Мне как будто затянули петлю на шее.
– Я все тебе расскажу, Эрмина, – пообещал Василий спокойным голосом, слишком спокойным, пожалуй. – Начиная с самого детства и включая события двадцатилетней давности. Я буду говорить об Эмме… Я не стану ничего сглаживать и не буду тебя обманывать. Было много счастья, но и столько же несуразностей… Я бы очень хотел избавить тебя от этого…
Я окончательно потерялась и перестала что-либо понимать. Я приготовилась погрузиться в неизвестную мне историю, в которой, однако, так или иначе сыграла какую-то роль, сама того не подозревая. Это была история отца моих детей, Джо и Маши – их я любила, как отца и мать, – Эммы, которую я никогда не видела, но которая всегда незримо присутствовала, и мужчины, в которого я была влюблена двадцать лет.
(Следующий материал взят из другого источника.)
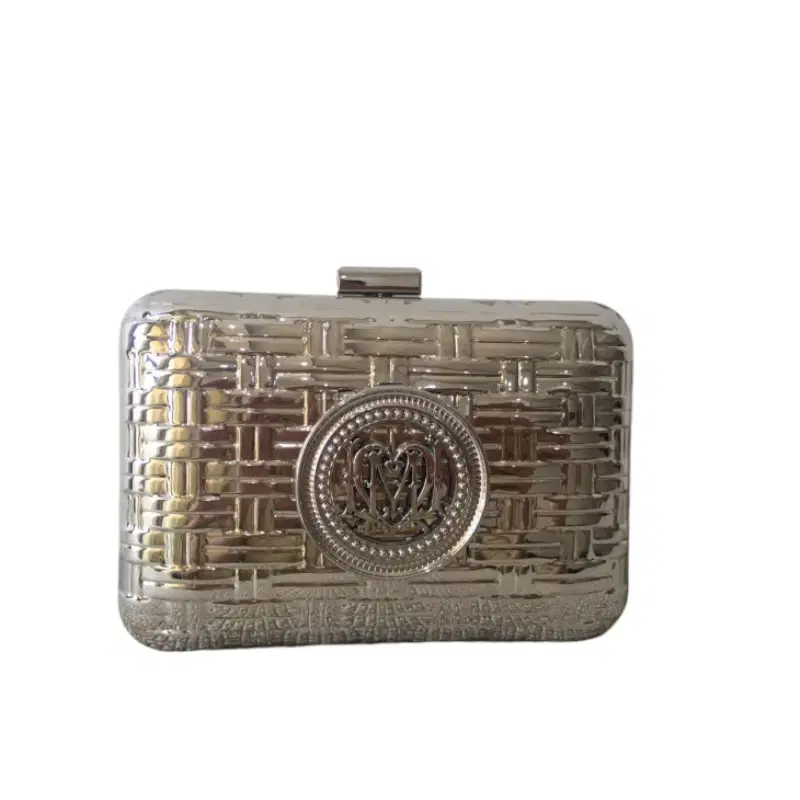 Moschino Metallic Clutch with Chain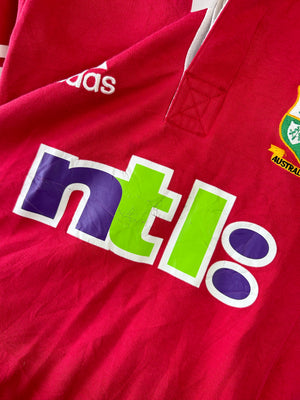 2001 Adidas Rugby Lions Shirt M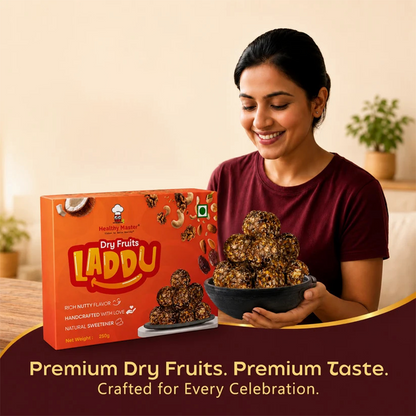 Dry Fruits Laddu - Nutritious Mix of Dryfruits & Coconut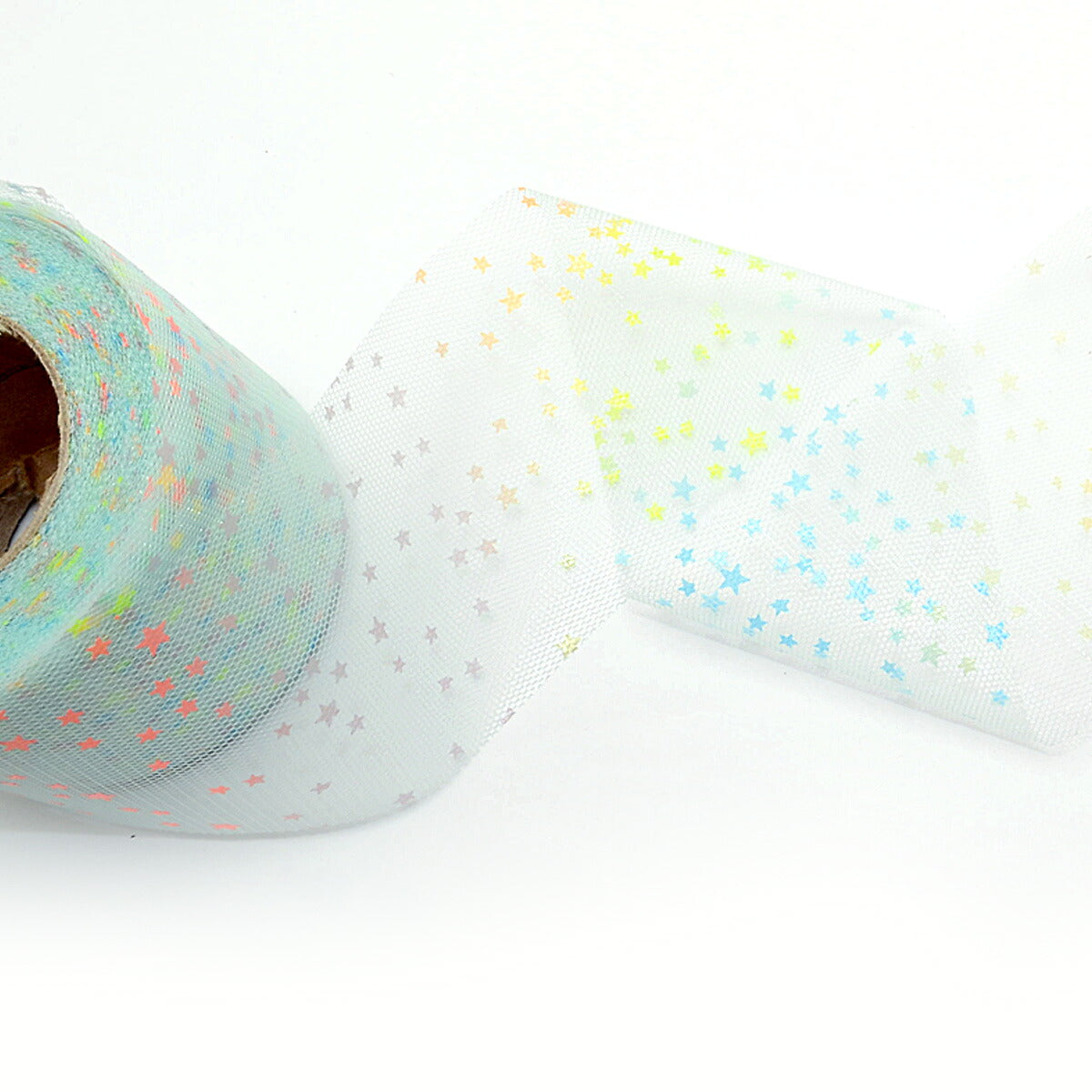 ゆめかわスターダストチュールリボン　幅60mm　5m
Он расслабился, лицо его стало спокойным, он словно избавился от всего, что так долго держало его в тисках. Больше он не сбежит, не увильнет, потому что, потребовав от него ответа, я как будто предоставила ему карт-бланш – он получил от меня право выложить все без утайки. Все, что он скрывал до сих пор. К моему великому удивлению, Василий широко улыбнулся. Он был взволнован, взгляд терялся где-то вдали, в нем читалась знакомая Машина меланхолия. И ностальгия Джо.